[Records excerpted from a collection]
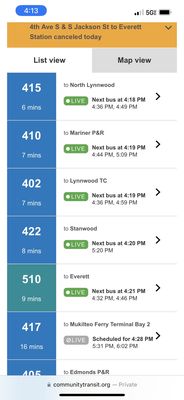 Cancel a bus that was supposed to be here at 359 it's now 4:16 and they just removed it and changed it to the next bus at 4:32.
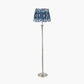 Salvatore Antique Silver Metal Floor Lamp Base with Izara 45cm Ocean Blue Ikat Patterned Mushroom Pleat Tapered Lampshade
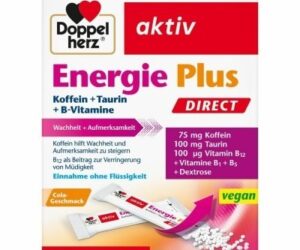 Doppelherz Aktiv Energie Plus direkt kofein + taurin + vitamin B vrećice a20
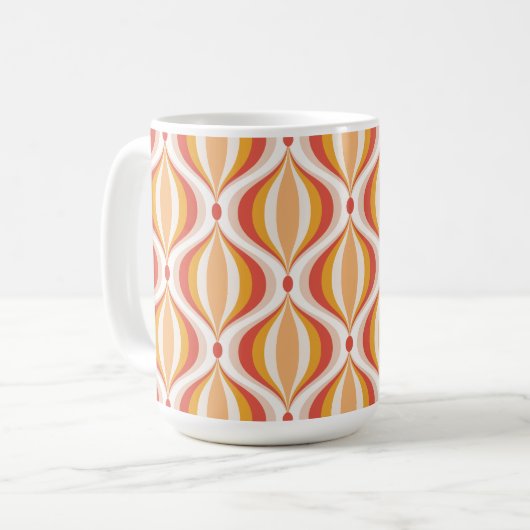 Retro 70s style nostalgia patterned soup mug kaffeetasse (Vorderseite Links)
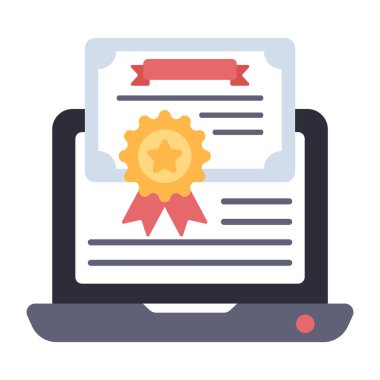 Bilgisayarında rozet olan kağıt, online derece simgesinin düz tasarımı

What you will do:
In your copy of the entries above, keep the text exact and leave out the pictures.

Finished task:
 Cancel a bus that was supposed to be here at 359 it's now 4:16 and they just removed it and changed it to the next bus at 4:32.
 Salvatore Antique Silver Metal Floor Lamp Base with Izara 45cm Ocean Blue Ikat Patterned Mushroom Pleat Tapered Lampshade
 Doppelherz Aktiv Energie Plus direkt kofein + taurin + vitamin B vrećice a20
 Retro 70s style nostalgia patterned soup mug kaffeetasse (Vorderseite Links)
 Bilgisayarında rozet olan kağıt, online derece simgesinin düz tasarımı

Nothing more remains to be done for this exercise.